The root issue here, says Noi, is “overproduction of fast fashion in the global north – brands must ensure their production capacity is reduced”. That’s why the Or is revisiting its Speak Volumes campaign, asking the top 20 brands found in Ghana’s waste stream – among them Marks & Spencer, Nike, Adidas, Primark, George, F&F, H&M, Boohoo and Tu – to publish how many garments they produce each year. The deadline for brands is Black Friday in November. The Or’s campaign first launched last year, but to date, no big brand has complied (though plenty of smaller, more conscious brands have).
“I think they’re afraid because they know it’s the most honest data point,” says Ricketts. “I mean, it’s not complicated – we’re not asking them to calculate their carbon footprint. It’s a piece of information that everyone has.” Zara already publishes its volume by weight, but, says Ricketts, this “abstract” measure “doesn’t help us get a real picture”.

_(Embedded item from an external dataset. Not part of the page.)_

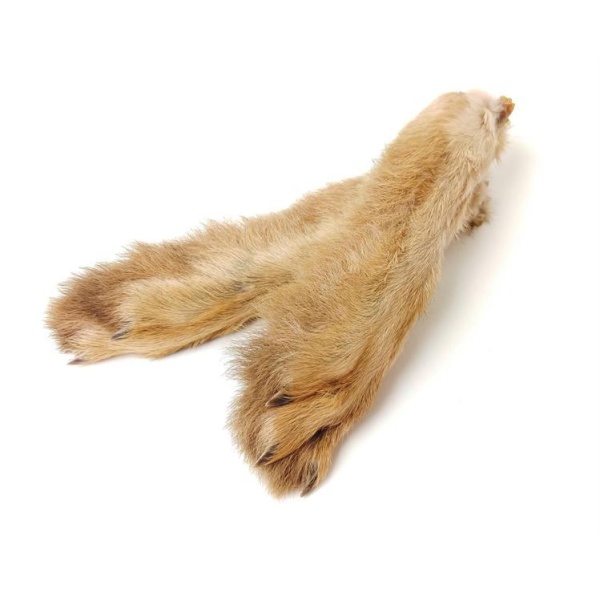 Hares Feet - Bilde 3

Responding to these claims, Sophie De Salis, sustainability policy adviser at the British Retail Consortium (BRC), said: “Retailers take their responsibility to tackle textile waste very seriously and are investing millions to divert used clothing away from landfill, through take-back schemes, resale marketplaces and donating excess stock to charity.”

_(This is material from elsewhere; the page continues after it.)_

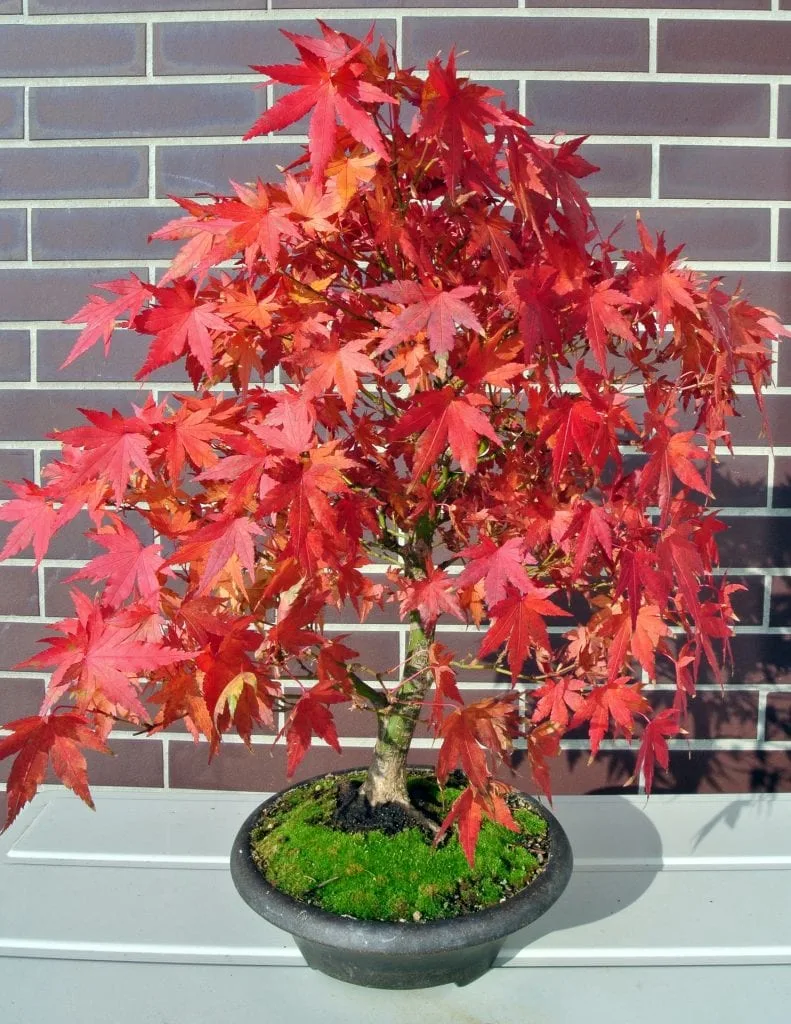 Red Maple Bonsai Tree Care Guide (Acer rubrum)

Of course, the problem here is capitalism’s growth imperative. Last year Greenpeace reported that the total number of garments produced is expected to rise to 200bn by 2030, from an estimated 100bn in 2014. “Everyone has plans to grow,” says Ricketts. Personally, I no longer view mainstream fashion as an art form, just a cynical vehicle for profit.
So how can we all do our part? Well, for starters, refuse that single-use T-shirt. “The hen night shirt, the 5k run shirt, the conference shirt,” says Ricketts, “[is] the No 1 culprit in our research, with no meaning to a secondhand wearer.” We also need to change our relationship with consumption, she says, “embracing secondhand and upcycled garments instead of always buying new”.
The good news is that the beach clean did make Evie “think a lot”. “Maybe I shouldn’t buy stuff from Shein,” she tells me back home. “And it did make me think about overconsumption generally.” I don’t doubt she’ll ask for new clothing again, but I’m hopeful she sees that being part of the solution is better than being part of the problem, now she knows what a terrible problem it is.